Member questions frequently drive S.A.F.E. Insights and this week's is no different. With the market at all-time highs, but the underlying economy still in question, many people are wondering if they can protect their positions that have in many cases restored their wealth. The answer is yes, you can insure your positions and it is not that difficult.

The free-markets have existed for many centuries and over that expansive history, investors, bankers & brokers have devised an endless stream of investment possibilities. From the earliest days under the Buttonwood Tree (that's a tree in New York where the Exchange started) investors buying public stocks looked for ways to guarantee their stocks future price, even if the future price dropped. Agricultural people have been doing this for a very long time. Farmers can lock in prices on their crops long before they harvest them and sell them by using the futures market. Well stock investors can do the same thing.

Let's think about the nature of insurance. You cover your life's various risks by buying an insurance contract in which you pay a premium to someone who guarantees you that in the future, if things go against you, a flood, a tornado, an earthquake, etc., that insurer will make you whole and restore your value to the current level. In most instances, the seller of the insurance (or writer) doesn't have to pay. If I buy earthquake insurance and there's no earthquake, the writer of the insurance keeps my premium; but if an earthquake hits, the writer of my insurance is required to pay me whatever value the contract calls for. Virtually all of us have insurance of one sort or another; auto, health, life disability, etc., but most professional investors have insurance on their stocks when things look volatile.

So let's translate that to stocks. For example, I own ABC Stock that presently is priced at $50.00 per share. I'm quite nervous about that price because it's only recently that it came back from its' low price of $25.00 and now that I'm whole, I don't want to lose it again. But, I don't want to sell it because I think it can go higher. This is where insurance comes in. The United States has the most developed and liquid markets in the whole world. One of the many advantages of that is that our markets offer very liquid insurance in the form of a "put." A "put" is a contract between you (the buyer) and the writer (seller) of the put. You want your $50.00 price assured but you think it could go higher. In such a liquid market as ours, there are always different opinions, so you find a person who thinks the $50.00 stock may go down. Because they think it will go down, they are willing to risk a price drop from $50.00. So you buy from this person a put contract that says you can "put" or sell your stock to that person for $50.00 at some point in the future. So you can now rest easy knowing that you've bought insurance on that stock; that if it drops to say $45.00 you can still put it to this person at $50.00. If the stock goes up, you keep your gains because you still own the stock. Pretty neat huh.

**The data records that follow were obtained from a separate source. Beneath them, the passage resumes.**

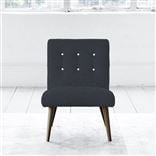 Eva Chair - White Buttonss - Walnut Leg - Rothesay Indigo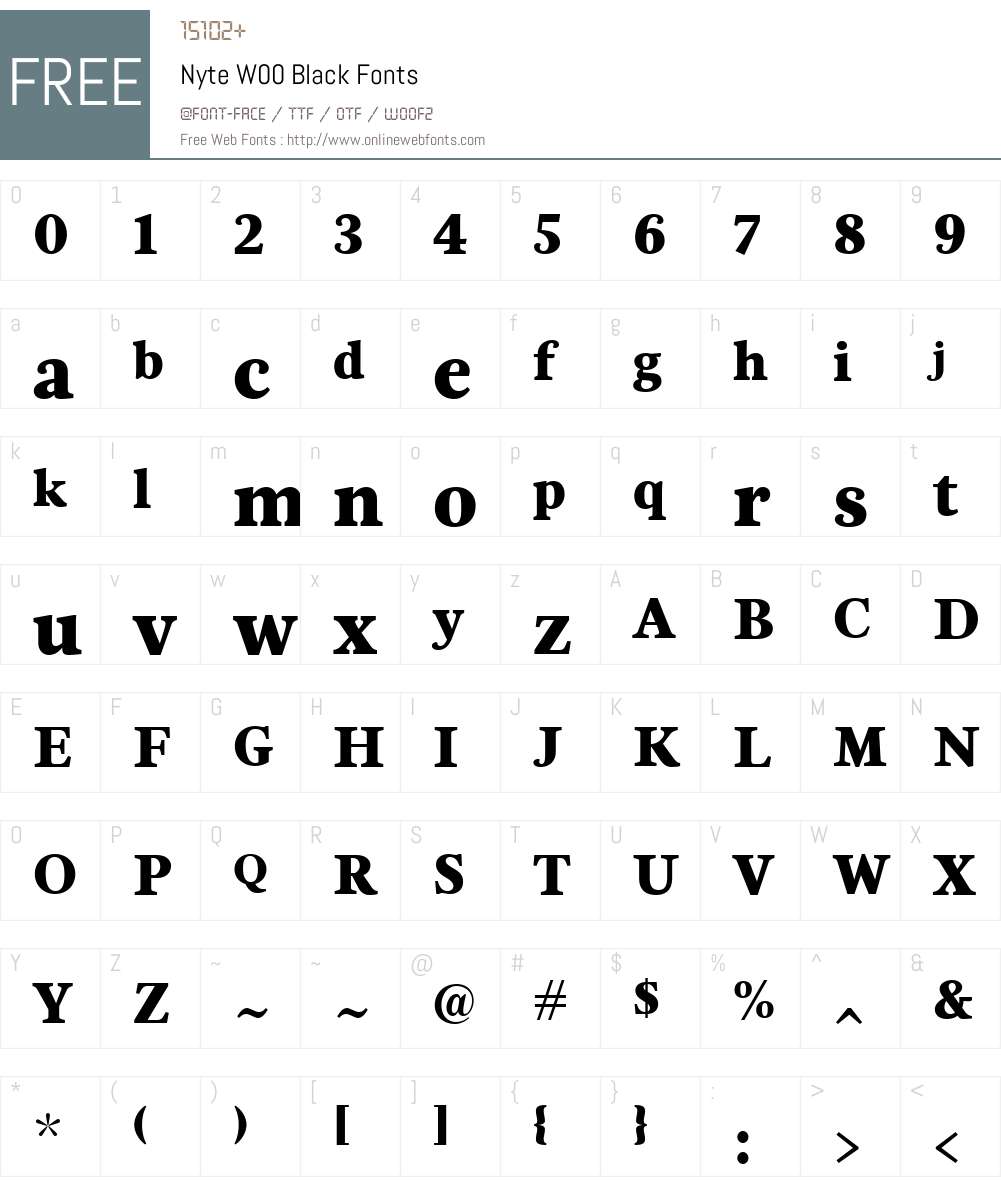 Nyte Font Screenshots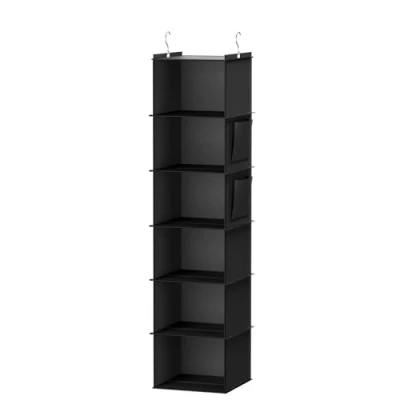 Immagine di YOUDENOVA Organizer Armadio da Appendere, Portatutto Appendere con 6 Scomparti 2 compartiment Laterali, Divisori Interno, Salvaspazio Organizzatore Scaffale Nero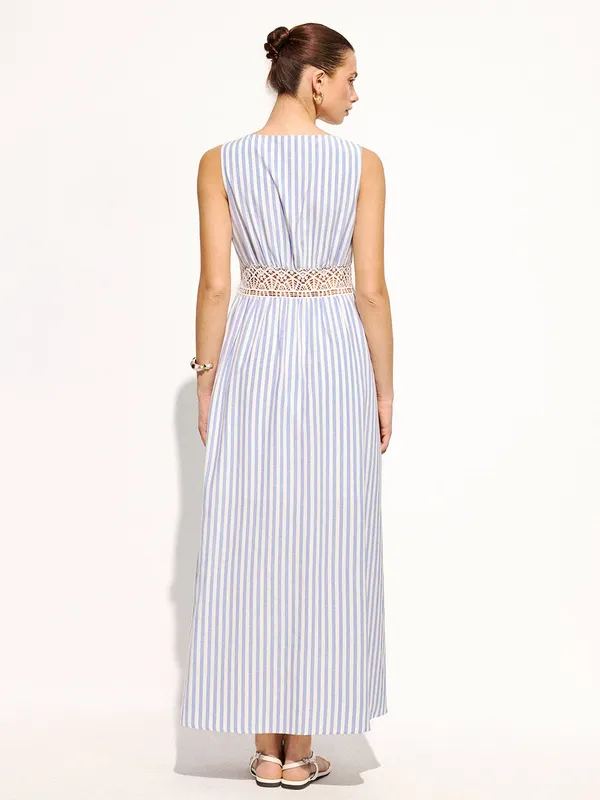 Commence Blue & White Striped Maxi Dress with Crochet Waist Small NWT Pocket s - Image 2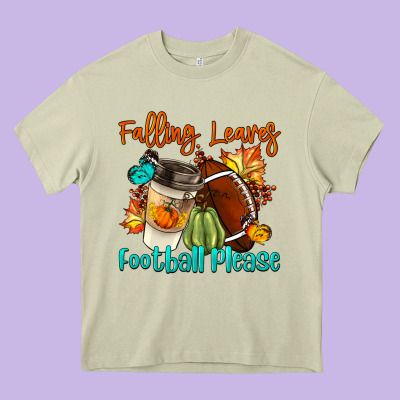 Falling Leaves Football Please Heavy Core Tee Designed By Lillyallendesigns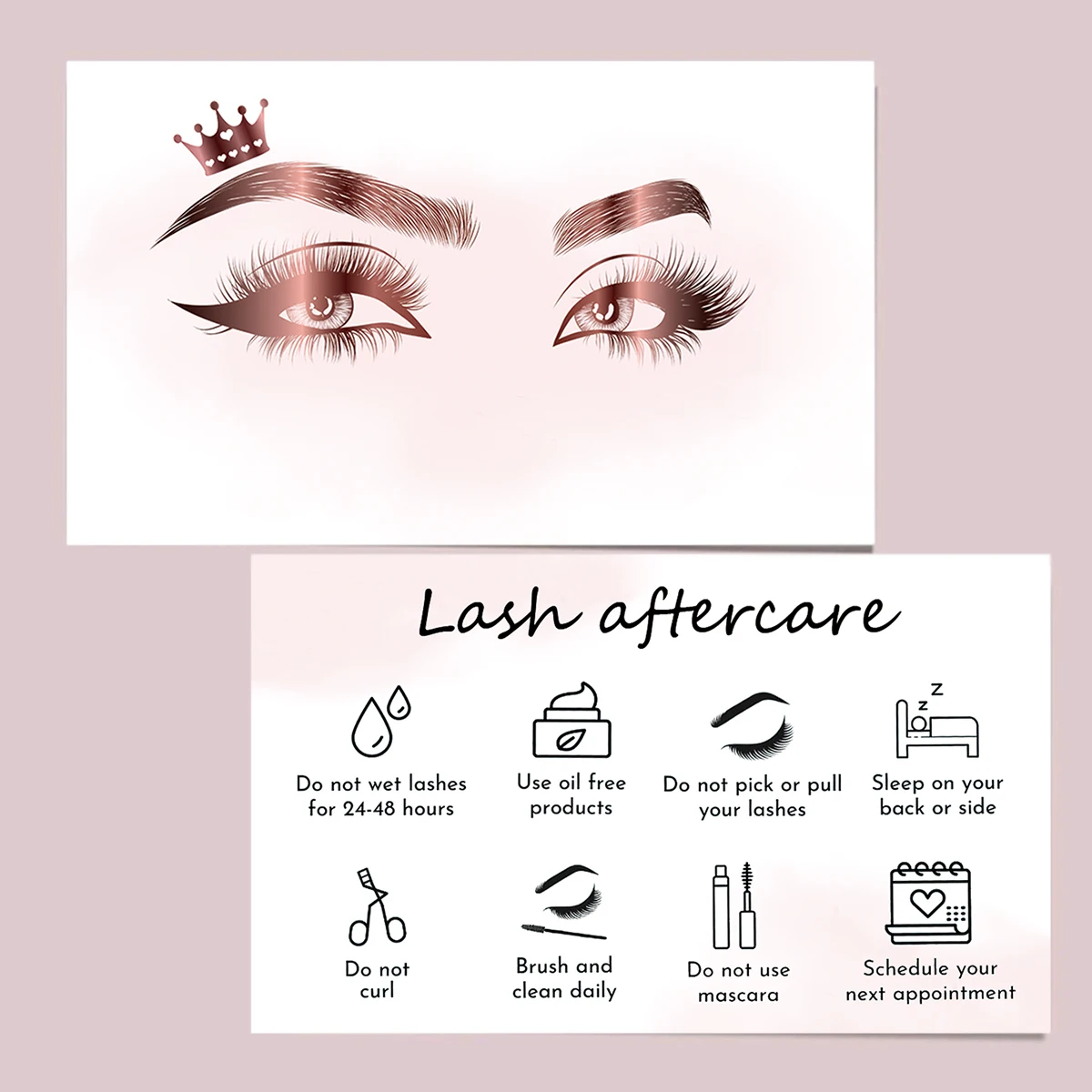 50Pcs Eyelash Card Lash Extension Aftercare Card Small Lash Business Card Loyalty Card Factory Supplier Wholesale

There is a downside though, while there is absolutely NO stock risk to buying a put like this, you do risk in a sense, 100% of your premium. It's like auto insurance, if you never have a crash you've "wasted" the premium. Same here, if the stock doesn't drop, you've "wasted" the cost of the put. Puts can be bought in various time segments, there are three, six, and even 12 month or longer contracts. The thing you have to understand is that the cost of these options is fairly priced generally speaking because there are lots and lots of options buyers & sellers and the market is relatively efficient. So you're not getting a "free lunch" here, but you are protecting your value.

When you become comfortable with buying puts, there is always the other side, selling calls. We'll write about how that can increase your income another time.